İsrail'in Fransa büyükelçisi, katıldığı konserden bir gün sonra, "Fransızlar, İsrail ile Hamas arasındaki savaşın istismarından bıktı" dedi. Joshua Zarka'nın gözlemi, tartışmasız doğru. Ancak, gerçekliğin karmaşıklığını basit bir yüzleşmeye indirgeyen Maniheist yaklaşımın ötesine geçip, insan hakları ve demokrasinin temellerini bir şekilde çarpıttığını kabul eden dinsel bir bakış açısından kurtulsa, daha da doğru olurdu.
Çünkü, kabul edelim ki, siyasi eylem ve düşüncenin bu radikalleşmesi nihayetinde bizi yıpratıyor, gerginliğe yol açıyor ve öfkeye sebep oluyor. Tam bir çile. Bilinmeyen bir mucize eseri, din, Aydınlanma Çağı'ndan beri her türlü engizisyondan kendini güvende hisseden Fransız toplumu üzerindeki etkisini yeniden sağladı. Bugün ise gördüğümüz tek şey, cemaatçilik ve kimlik siyasetinin kakofonisi, bir medya haçlı seferi ve dindar müdahalesi.

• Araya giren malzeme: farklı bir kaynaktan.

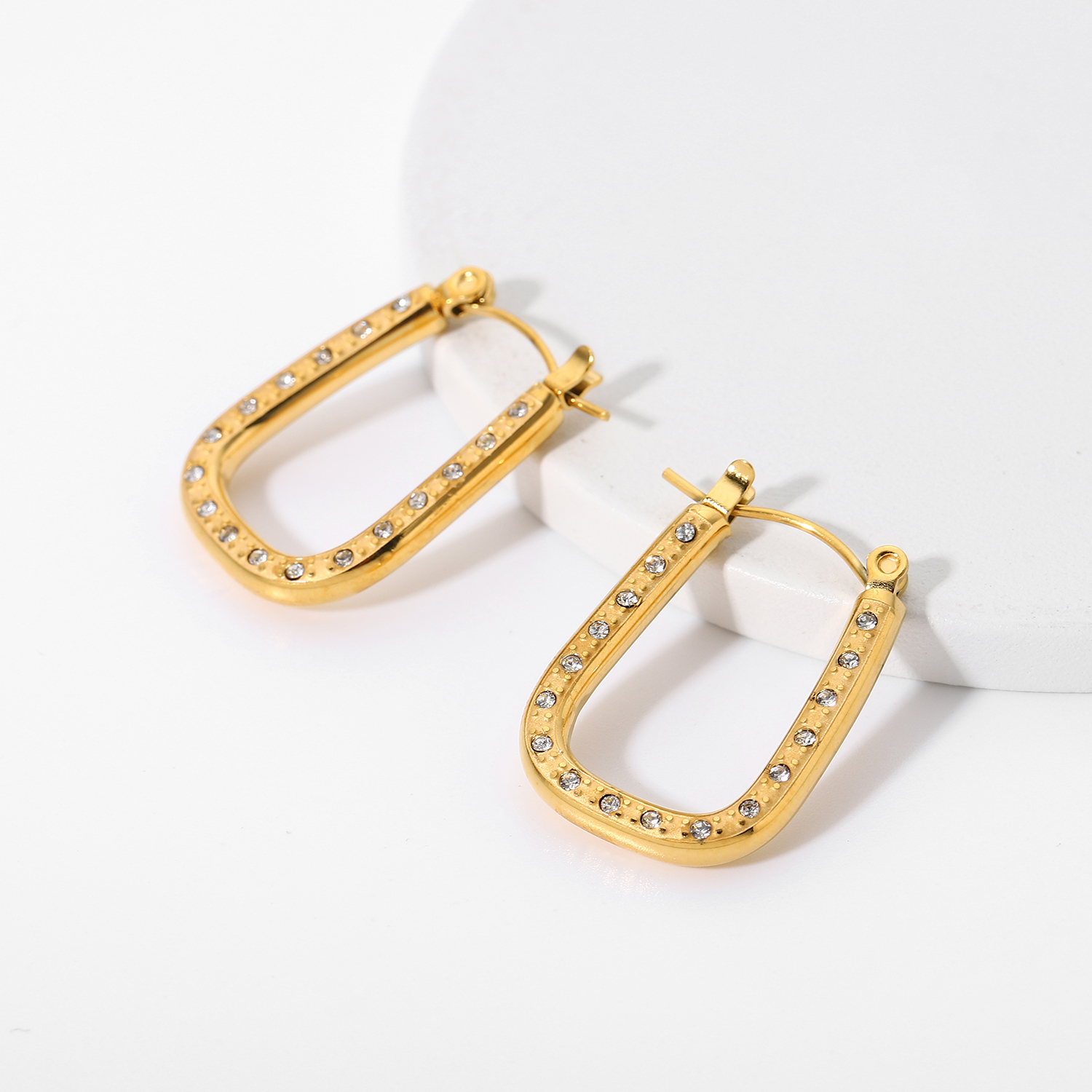 Fashion 18k Gold-plated U-shaped Inlaid Zirconium Hoop Earrings Wholesale Nihaojewelry display picture 2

Artık Fransız değil, Yahudi, Müslüman, Katolik, Yahudi-Hristiyan veya inançsız; vatandaş değil, antisemit, İslamcı-solcu, İslamofobik, antisiyonist, Yahudi düşmanı, ırkçı veya antifaşist. Evet, sayısız Fransız artık bıktı. Etiketlenmekten, artık kendi başına düşünememekten, akla meydan okuyan bir çatışmanın esiri olmaktan, diyalog imkânsızlığıyla karşılaşmaktan, laikliğin her geçen gün biraz daha parçalanmasını görmekten bıktı.